The Three Types of Organizational Learning

The German Army was arguably the most tactically proficient force during the First World War. Much of their effectiveness was a product of the adaptation of their command structures, small arms, and small unit tactics to the demands of trench warfare. Germany eventually lost the war due, in no small part, to their failure to also learn key lessons and adapt at the operational and strategic levels. The German Army’s successful tactical adaptation and failure to adapt at the strategic and operational levels show that a military can, paradoxically, both excel at organizational learning and fail to learn at the same time.

This paradox has a straightforward cause. There are three different types of organizational learning, and each requires different processes. Militaries need to establish processes for all three types of learning to adapt effectively and efficiently. Within a military context, adaptation is organizational changes that better solve problems posed by the environment and adversary. Innovation is similar, but takes place in peacetime without either the pressures of combat or the opportunity for real-time feedback.[1] Fortunately for today’s military professionals, the German military’s struggles on the Western Front provide insight into the character of organizational learning. This article will examine the German military’s organizational learning during the First World War, introduce a new model of organizational learning, argue that each type of learning has distinct processes, and explore the importance of organizational learning for today’s militaries.

Excelling at Only One Type of Learning: The German Military of the First World War

During the second month of the First World War, the German government released the September Program, announcing their pursuit of extensive territorial gains.[2] They planned to set conditions for expansion by first defeating the French army, followed quickly by the Russians. The plan would allow Germany to concentrate its forces throughout the war, and to quickly annihilate opposing armies, thus avoiding a war of attrition.[3] German elites believed a rapid victory would prevent their adversaries from capitalizing on their economic advantages and prevent a cabinet war from becoming a people’s war that could destabilize German domestic politics.[4]

When the war started, Germany’s operational methods focused on maneuvering to annihilate opposing armies, and its tactics concentrated on skirmish lines making frontal attacks.[5] By the end of August 1914, casualties were high, but the war was still one of maneuver whose characteristics were yet to indicate a future of trench warfare. By September, there were reports of trench positions with interlocking fields of machine gun fire on the Aisne.
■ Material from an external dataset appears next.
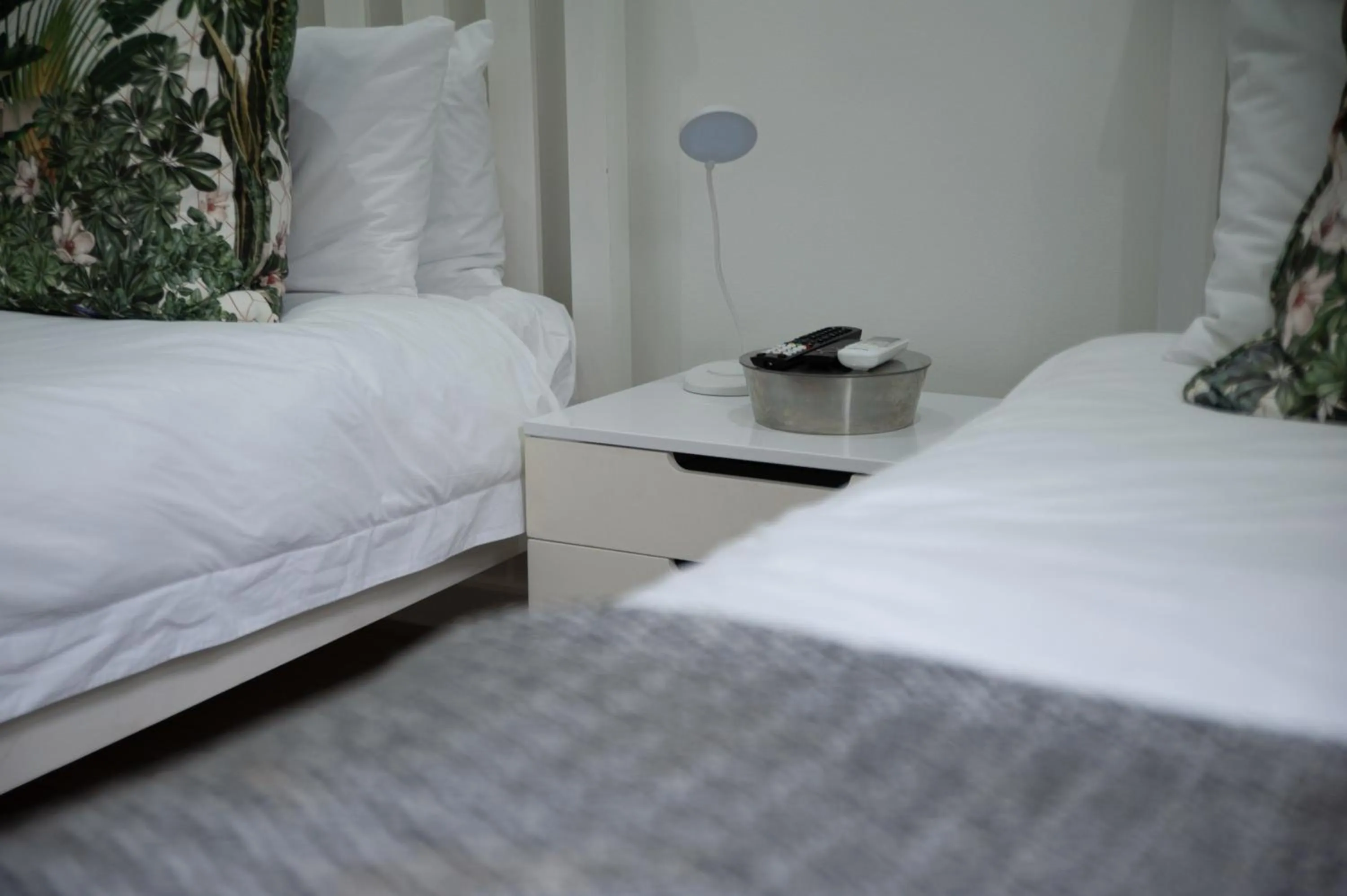 Bed in theLAB Franschhoek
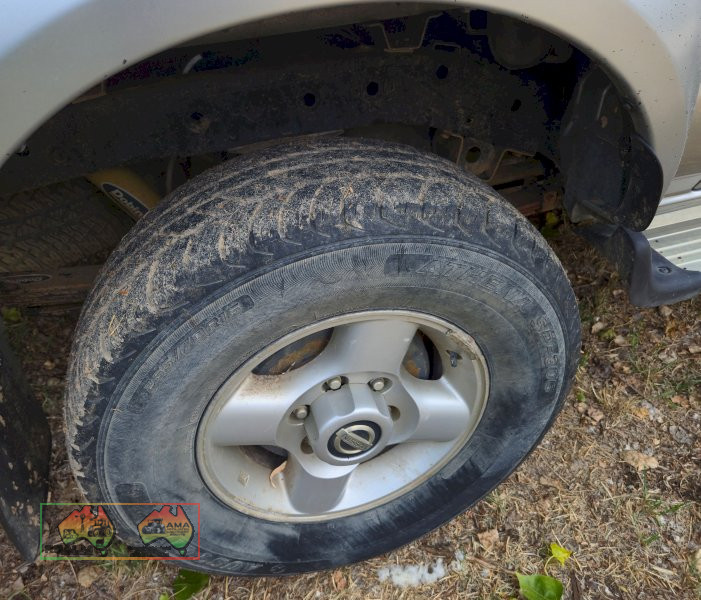 2006 Nissan Navara STR 3.0 Diesel 4x4 Dual Cab - photo 6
By October, disorganized maneuver had begun transitioning into a form of mutual siege warfare that featured both high casualties and indecisive results.[6]
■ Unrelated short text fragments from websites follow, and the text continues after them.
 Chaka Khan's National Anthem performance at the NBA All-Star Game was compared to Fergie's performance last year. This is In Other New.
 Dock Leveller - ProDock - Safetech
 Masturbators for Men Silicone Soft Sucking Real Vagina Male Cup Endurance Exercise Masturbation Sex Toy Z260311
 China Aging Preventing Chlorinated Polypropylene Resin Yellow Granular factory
Germany’s initial plans and methods were no longer well suited for the realities its army faced, and its strategy was questionable. Pre-war staff exercises relied on assumptions about maneuver that were no longer valid.[7] H.M. Tomlinson claimed “the whole library of military science and history was as obsolete by the end of November 1914 as the runes of witchcraft.”[8] If the Germans wanted to end the war successfully without drawing it out, they needed to adapt their tactics, operational methods, and potentially even their strategy.

The Germans developed new infantry tactics and weapons that improved their ability to conduct frontal attacks and continued to attempt to break through and annihilate Allied armies. Their progress culminated in Germany’s 1918 Spring Offensive, but their tactical adaptations did not lead to operational or strategic success. In fact, the Spring Offensive made unprecedented territorial gains but failed to accomplish any of its operational or strategic objectives.
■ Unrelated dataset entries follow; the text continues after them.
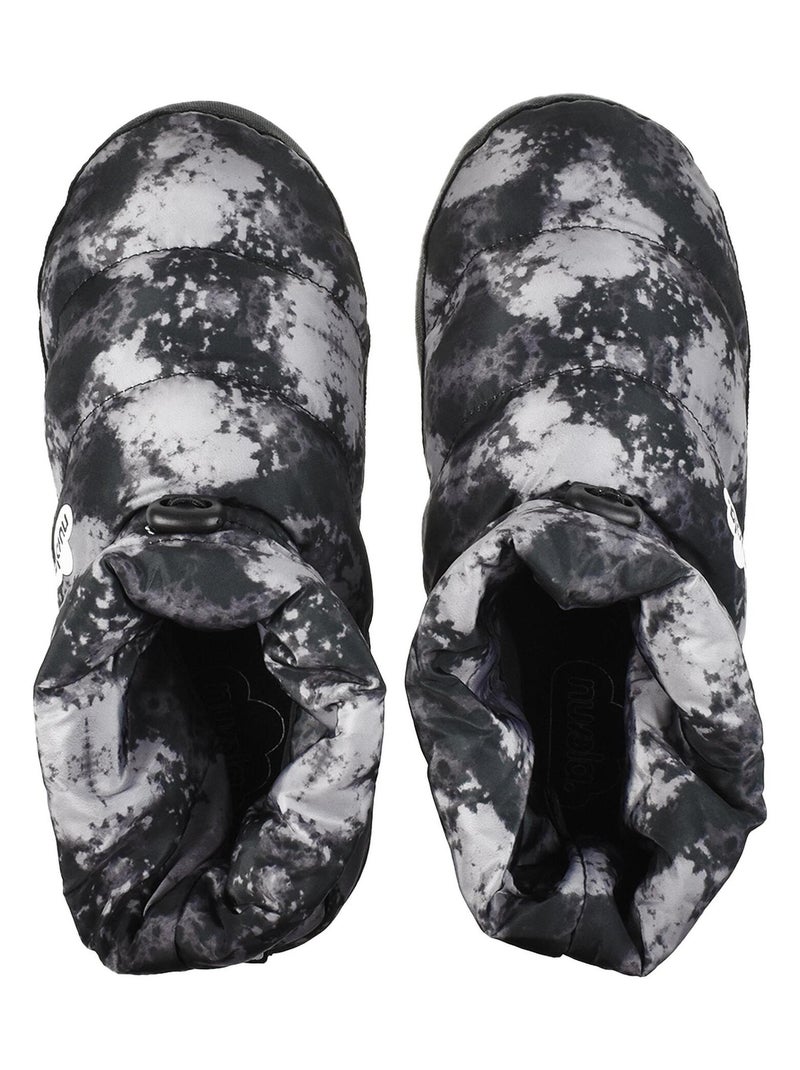 Zapatillas de casa unisex Nuvola con suela de goma Negro - Kiabi
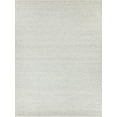 thumbnail image 1 of Exquisite Rugs Rialto Light Gray Polyester/Cotton Handwoven Area Rug, 1 of 3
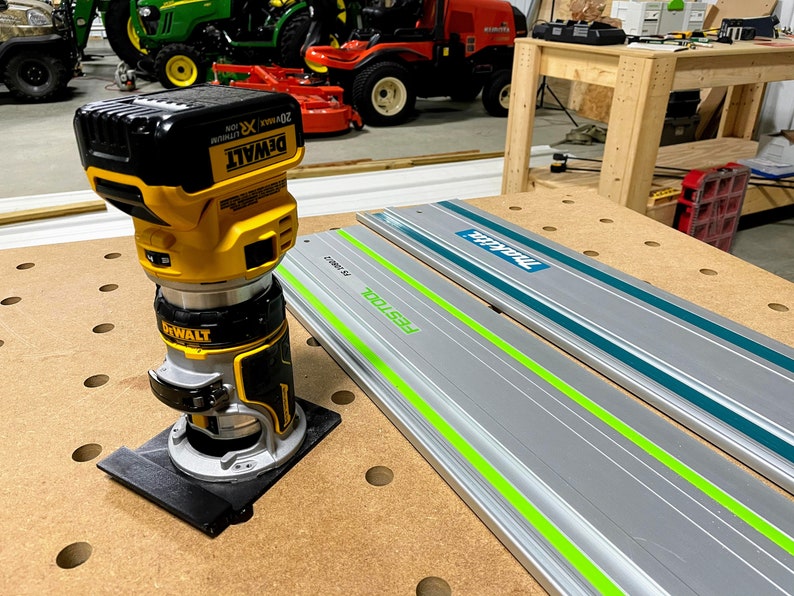 Dewalt Router Adapter for Festool Track Saw Guide Rails Etsy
The Three Types of Learning

The Sacred Way, Verdun. (UIG/Getty Images)

The German military’s tactical success contrasted with their operational and strategic failures are most easily understood using a model of organizational learning. Models provide pre-existing structure or context for facts, creating faster and more efficient comprehension and processing. A model’s value is based on its parsimony and explanatory utility, not its perfect representation of reality, and models are not necessarily correct.[9] Therefore, while this model is based on the author’s personal observation of military organizations from the platoon to division level, strategy development in government organizations, and the study of military history, there are other models of organizational learning that are equally correct, but serve different purposes.

Organizations learn in three distinctly different ways, each of which is associated with different processes:

  • Method Optimization. Method optimization improves the current method without questioning if the general approach is correct or pursues a desirable goal. Method optimization attempts to answer the question, “How can we do what we are doing more effectively?”

  • Method Selection. Method selection discovers the best method for accomplishing a fixed objective without questioning the validity of the objective. It attempts to answer the question, “Is what we are trying to do the best way to accomplish our objective?”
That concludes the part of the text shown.